» RECORDED INFORMATION

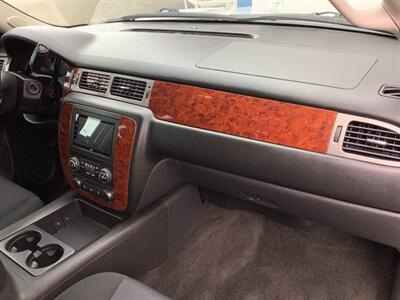 2013 Chevrolet Avalanche LS Black Diamond   - Photo 41 - Crest Hill, IL 60403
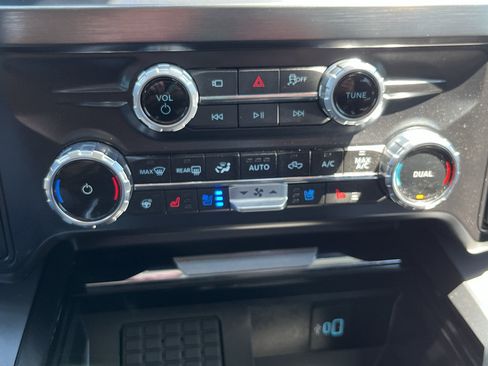 Used 2025 Ford F250 Lariat w/ Tremor Off-Road Package AWD/4WD image 17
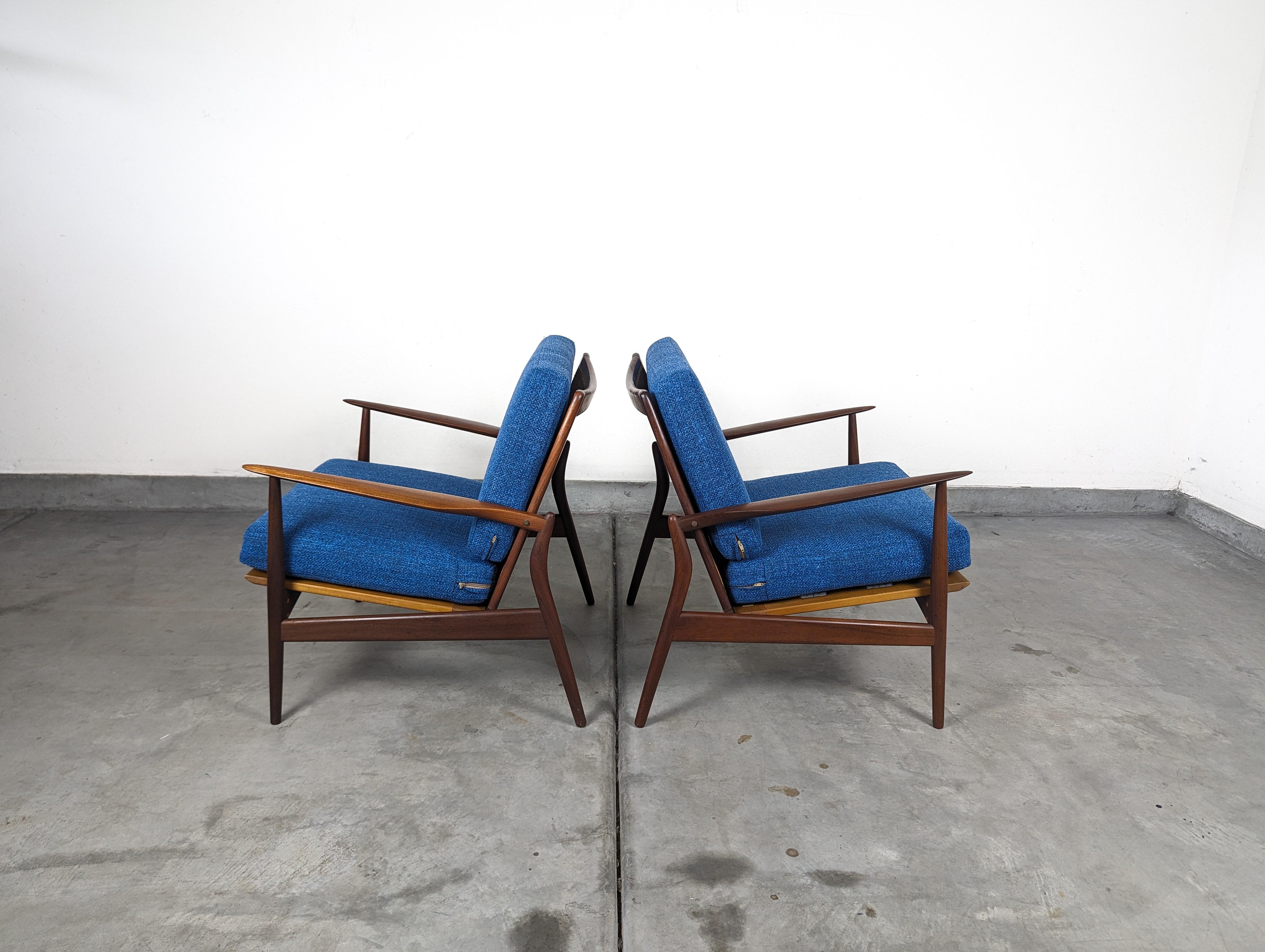 Danish Pair of Mid Century Spear Teak Lounge Chairs by Ib Kofod-Larsen for Selig, c1960 For Sale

» PROBLEM STATEMENT
Recopy the full listing exactly, passing over any picture.

» SOLVED EXERCISE
 2013 Chevrolet Avalanche LS Black Diamond   - Photo 41 - Crest Hill, IL 60403
 Used 2025 Ford F250 Lariat w/ Tremor Off-Road Package AWD/4WD image 17
 Danish Pair of Mid Century Spear Teak Lounge Chairs by Ib Kofod-Larsen for Selig, c1960 For Sale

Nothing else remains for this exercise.